South Africa


Regular violations of rights

Same as last year


Workers' rights violations


On 19 August 2021, Malibongwe Mdazo, a campaigner and organiser for the National Union of Metalworkers of South Africa (NUMSA), was assassinated in broad daylight at the office of the Commission for Conciliation, Mediation and Arbitration (CCMA) in Rustenburg. He was shot as he was exiting with a group of NUMSA members from the CCMA offices, in full view of the public. The hitmen fired at least ten bullets.

NUMSA officials were participating in conciliation at the CCMA as part of the verification process for NUMSA members at Newrack, one of the contract companies at Impala Platinum Holdings (Implats), which outsources most of its workforce in Rustenburg. Another NUMSA member and a member of the public were also shot and injured in the shooting.

Mdazo was among those who led the recent strike where the union was challenging contractors at Implats to grant organisational rights to NUMSA. Implats was notorious for its union-bashing attitude, which even led to the unilateral dismissal of all NUMSA’s interim committees.

Violent attacks on workers

Since 22 November 2021, five thousand workers at Clover, which is South Africa’s largest dairy company and is owned by Israeli company Milco, have been on strike in response to job losses, pay cuts and health and safety concerns. Clover’s response was to hire a private police company armed with military vehicles and machine guns to intimidate the workers and break the strike.
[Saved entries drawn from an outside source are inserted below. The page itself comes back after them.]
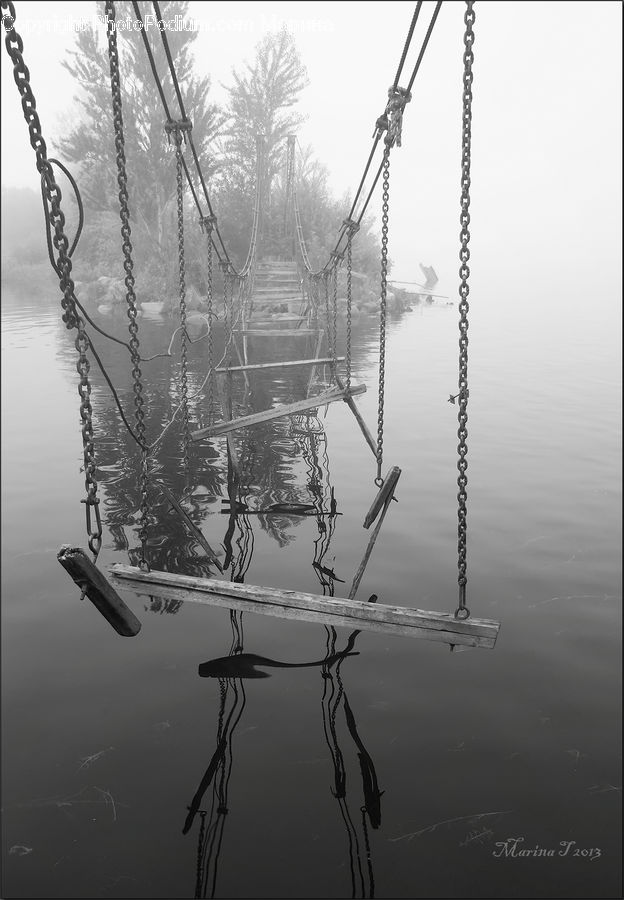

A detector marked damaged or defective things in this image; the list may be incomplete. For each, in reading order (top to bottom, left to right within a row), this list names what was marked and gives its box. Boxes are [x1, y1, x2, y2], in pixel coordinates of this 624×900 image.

rusty metal chain [1, 1, 101, 556]
rusty metal chain [105, 1, 150, 568]
rusty metal chain [167, 119, 191, 468]
rusty metal chain [456, 0, 476, 620]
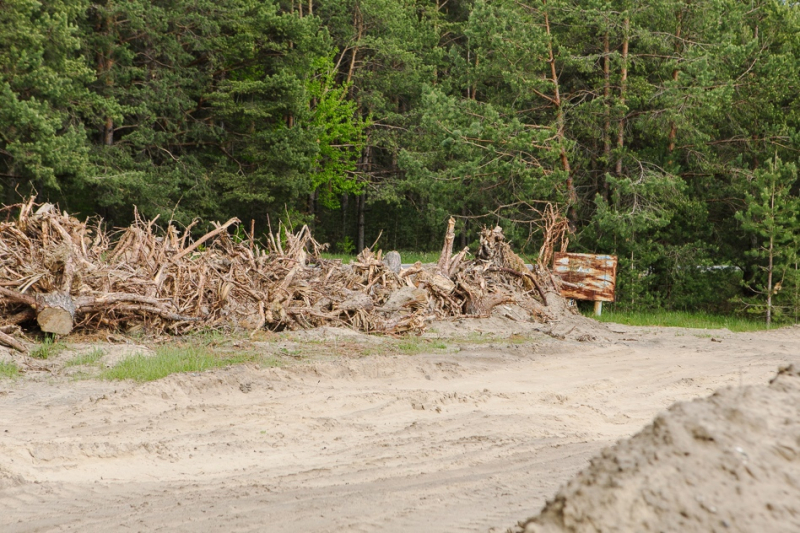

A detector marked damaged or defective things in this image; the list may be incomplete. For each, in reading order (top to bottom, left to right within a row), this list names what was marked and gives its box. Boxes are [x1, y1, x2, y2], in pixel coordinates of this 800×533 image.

Workers faced threats, petrol bomb attacks and rubber bullets. On the nights of 7 and 8 January 2022, the cars of two striking workers were petrol bombed. On the night of 9 January, five carloads of men visited two striking workers and demanded that they end the strike. On the same night, another three striking workers received threatening phone calls demanding that they end the strike.


In South Africa, about 100 workers at Rhodes University began a strike on 10 August 2021 after the institution failed to recognise their union, the National Union of Public Service and Allied Workers (NUPSAW). Having unionised over ten per cent of the university workers, NUPSAW had approached the university on 29 April 2021 seeking recognition, including the right to organise and recruit members and hold meetings on campus.

When asked why the university would not recognise the union, its senior communications officer said, in blatant violation of South African laws, that NUPSAW was not sufficiently representative.

Right to collective bargaining

On 21 April 2021, the South African Municipal Workers’ Union (SAMWU) appeared in court opposite Rand Water after the company tried to ban a protected strike called by the union. SAMWU decided to embark on an indefinite protected strike after the employer unilaterally changed the workers’ conditions of service, in particular withdrawing incentive bonuses that workers had been receiving for the last seventeen years. The union had tried several times to meet with the management of Rand Water to convince them to reconsider their decision but to no avail.

Dismissals for participating in strike action

Four members of the National Emancipated and Allied Workers’ Union of South Africa (NEAWUSA) were suspended on 2 May 2021 by the OVK, a milling company, in Tweespruit, South Africa, following a month-long strike over unsafe conditions in the workplace. The workers were attempting to raise safety concerns with the employer after several serious incidents and injuries had occurred.

Dismissals for participating in strike action

In South Africa, 500 workers were terminated by the Steve Tshwete Local Municipality for allegedly taking part in illegal strike action. The public employees were demanding the implementation of the adjustment of their salaries across the board and commenced strike action on 21 September 2021. The workers had been given a 48-hour return-to-work ultimatum on 8 November, and when they failed to return, they were given notice of the termination of their employment. The workers were reinstated a week later after the intervention of the SA Municipal Workers’ Union (SAMWU) and COSATU.